Frequently asked questions

When does a single agent with many tools outperform a supervisor?

Below roughly 6–8 tools, with a well-written system prompt and clear tool descriptions, a single agent is usually simpler, cheaper, and just as accurate — the supervisor pattern adds an extra LLM call per query for the routing decision. The multi-agent win kicks in around 10+ tools, or whenever tools cluster into clearly-different domains (research, math, writing, code, retrieval). If your tools are all variants of 'query one of five databases', a single agent is fine; if they span modalities, specialists start to pay off.

How does the router node actually classify?

In the lab it's a small LLM call with a classification-style prompt — 'Given the user's query, return exactly one of {researcher, calculator, writer}' — parsed and written to state['next_agent']. That's cheap and flexible but stochastic; for latency-critical paths you can replace it with a keyword classifier, a small fine-tuned model, or even a regex-based pre-filter that only falls through to the LLM for ambiguous queries. The conditional edge after the router reads state['next_agent'] and dispatches to the right specialist node, so swapping the classifier is a one-node change.

What does the shared state object look like in LangGraph?

A TypedDict with the fields every node needs to read or update — typically at minimum messages: list[BaseMessage] (appended by every node) and routing fields like next_agent: str. Each node returns a dict of updates and LangGraph merges them according to each field's annotated reducer (add_messages for the messages list, overwrite for scalar fields). The lab keeps the state small and typed on purpose so the graph's control flow stays legible; production systems often carry user id, thread id, and per-specialist scratchpads in the same state object.

Why add a writer as a third specialist instead of letting the researcher also write?

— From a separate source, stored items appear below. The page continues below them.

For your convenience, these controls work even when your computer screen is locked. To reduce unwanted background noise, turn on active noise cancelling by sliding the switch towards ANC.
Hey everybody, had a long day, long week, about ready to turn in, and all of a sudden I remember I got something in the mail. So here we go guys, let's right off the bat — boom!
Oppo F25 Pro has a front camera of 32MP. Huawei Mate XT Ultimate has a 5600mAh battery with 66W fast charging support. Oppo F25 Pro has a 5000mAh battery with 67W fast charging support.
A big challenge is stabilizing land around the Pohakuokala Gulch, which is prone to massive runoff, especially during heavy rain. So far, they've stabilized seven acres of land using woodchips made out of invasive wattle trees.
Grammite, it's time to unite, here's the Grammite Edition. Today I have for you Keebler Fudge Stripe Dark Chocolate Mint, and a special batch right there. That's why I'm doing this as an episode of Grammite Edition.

Because 'write a three-paragraph summary' and 'find five facts from the knowledge base' have different success criteria and need different prompts. The researcher is tuned for breadth and recall; the writer is tuned for structure, concision, and style. Mixing them creates a prompt that's mediocre at both. The lab specifically has you add the writer as a third node to make the scaling property concrete — adding a specialist is strictly additive: one new tool, one new agent, one new router label, zero changes to existing nodes.

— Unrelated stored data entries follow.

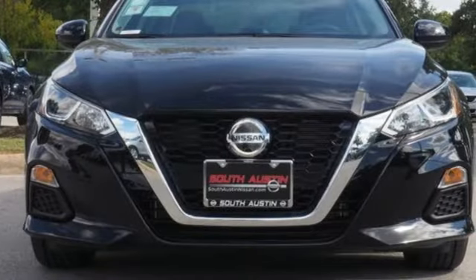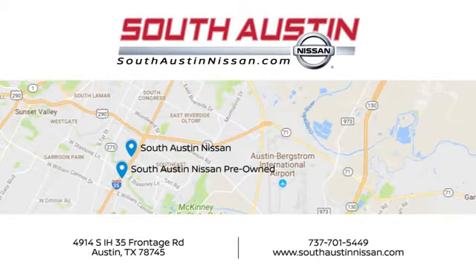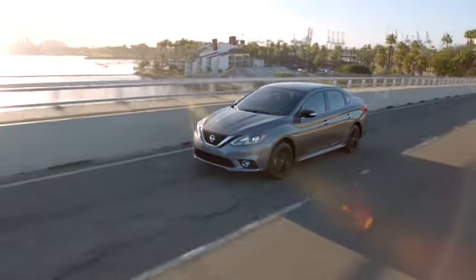Nissan excites the senses. Driving is believing. Test drive it today. Make your way to South Austin Nissan, conveniently located at 4914 South IH-35 Frontage Road in Austin today.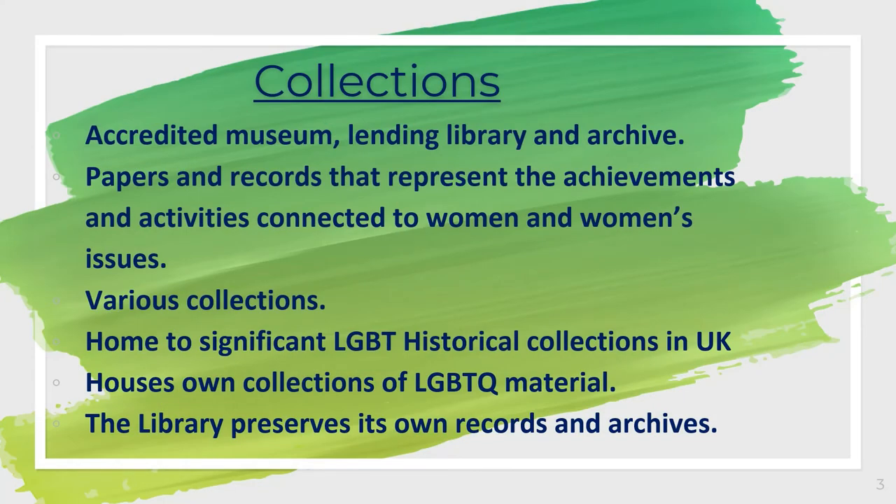In terms of their collections, the Glasgow Women's Library collects the papers and records of organisations and individuals that represent the many achievements and activities relating to women and women's issues. A few example collections are the girls' annuals from about the 1950s to the 1980s — which obviously predates them as an institution — the Scottish Women's Aid Archive, Scottish Women's rural history, and many others. The Glasgow Women's Library is also home to one of the most significant LGBT historical collections in the UK, with material spanning from the 1920s to the present day.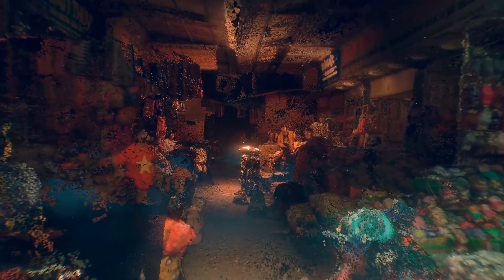Creating such intricate 3D models was once a costly and time-consuming process. But with our state-of-the-art photogrammetry and neural surface reconstruction techniques, we can reduce the process to minutes and it only requires a smartphone.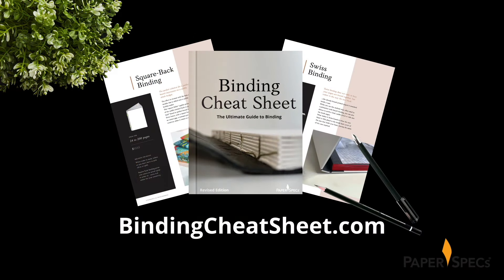Singer-sewn binding definitely helped to enhance the storybook-like feel of these marketing materials, and there are so many other creative binding options available to you. Discover all your options along with tips and price points — go to bindingcheatsheet.com right now and download your free copy of the Ultimate Guide to Binding.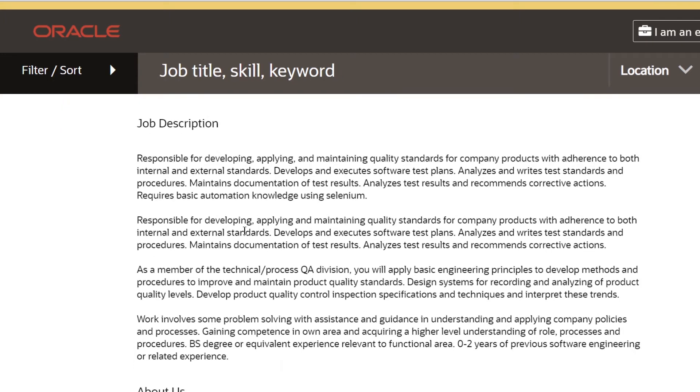Responsibilities also include applying basic engineering principles to develop methods and procedures to improve and maintain product quality standards, designing systems for recording and analyzing product quality levels, developing quality control inspection and specification techniques, interpreting trends, solving problems with assistance and guidance, and gaining competence in your own area.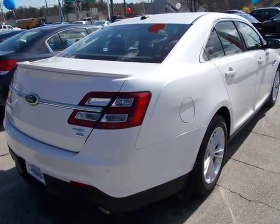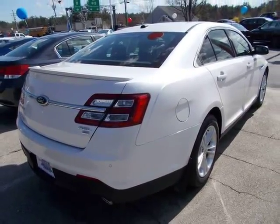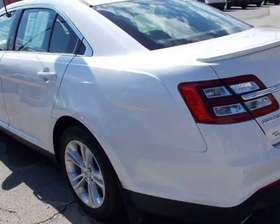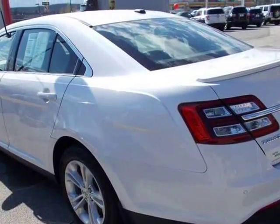Ford seriously upgraded the Taurus with this body style, and people love them — quiet, comfortable, and luxurious. Visit us at auto-wholesaler.v12soft.com.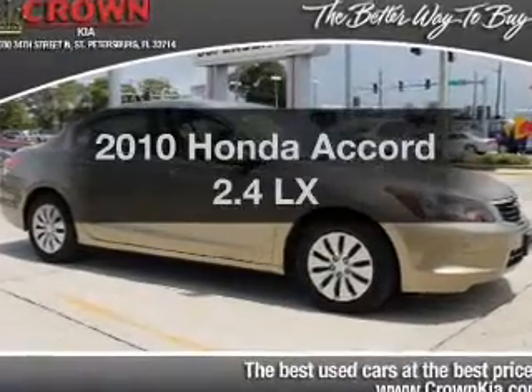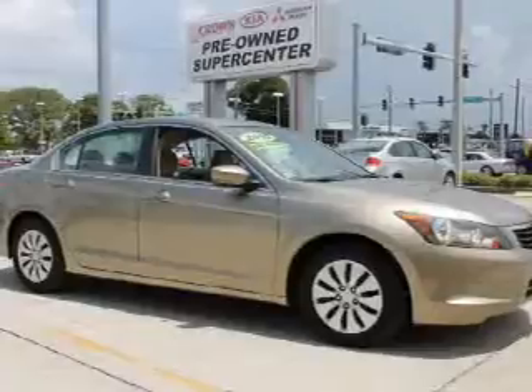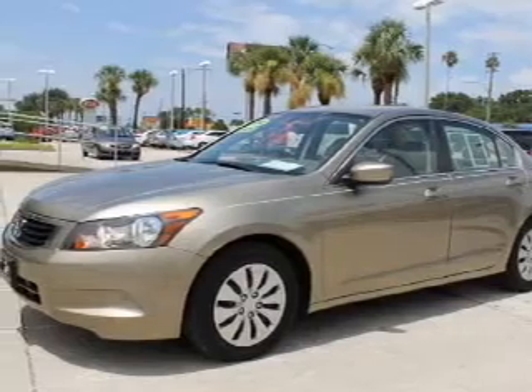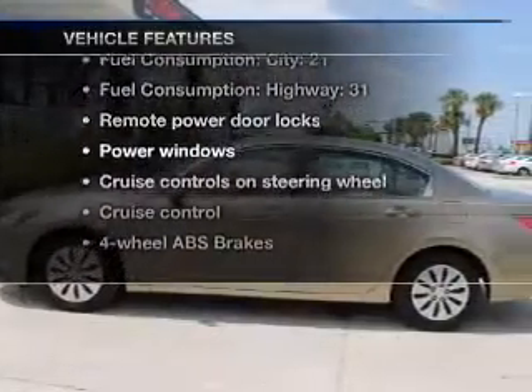Presenting the 2010 Honda Accord — this is the set of wheels you've been looking for, with an efficient four-cylinder engine connected to a smooth-shifting five-speed automatic transmission. The anti-lock braking system will keep you safe on the road. Plus, enjoy these notable features that are included in this vehicle.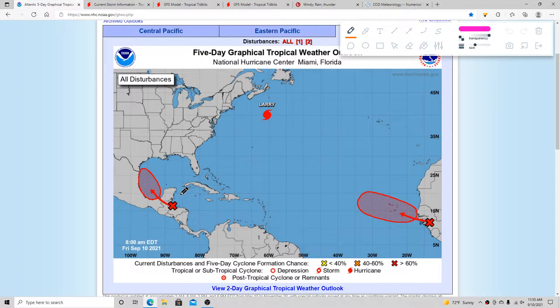Hello everyone, Storm111 here. Today we'll be talking about this disturbance that will be going through parts of Mexico, going to the southwestern part of the Gulf of Mexico, that could bring a lot of rain across parts of southeastern Texas and southern Louisiana.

How do I handle a query that should touch multiple specialists?

Two options. The simple one is have the router emit a sequence of specialists instead of one, and loop: researcher returns facts, writer reads the messages state and drafts the report. The more robust one is a reducer-style graph where each specialist writes into a shared scratchpad and a synthesizer node at the end merges everything. The lab sticks with single-specialist routing to keep the pattern crisp; once you're comfortable, extending to multi-step routing is a small modification to the conditional edge logic and the state shape.

What's the failure mode to watch for in production?

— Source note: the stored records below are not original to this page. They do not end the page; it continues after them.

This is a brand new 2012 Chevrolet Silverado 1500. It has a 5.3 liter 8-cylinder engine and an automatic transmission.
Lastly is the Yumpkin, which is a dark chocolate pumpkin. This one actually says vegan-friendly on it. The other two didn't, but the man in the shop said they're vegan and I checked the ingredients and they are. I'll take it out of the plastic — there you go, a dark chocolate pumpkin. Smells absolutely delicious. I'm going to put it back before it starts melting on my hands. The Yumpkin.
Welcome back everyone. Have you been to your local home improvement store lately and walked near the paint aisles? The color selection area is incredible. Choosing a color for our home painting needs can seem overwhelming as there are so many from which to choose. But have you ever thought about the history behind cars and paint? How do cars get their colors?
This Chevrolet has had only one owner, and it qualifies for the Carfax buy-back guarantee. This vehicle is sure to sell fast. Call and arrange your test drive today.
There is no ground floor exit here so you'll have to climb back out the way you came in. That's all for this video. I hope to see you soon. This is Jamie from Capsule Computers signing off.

Pathological looping — specialist A returns an answer the router doesn't recognise as final, routes back into specialist B, specialist B produces output that re-routes to A, and so on. LangGraph's recursion limit saves you in principle but the correct fix is to make the END transition explicit in each specialist (the ReAct loop terminates when the LLM returns text without tool calls) and to add a 'max specialist hops' counter to state. The reflection step pushes you toward instrumenting exactly this so you can detect and cap it before it eats your NIM quota.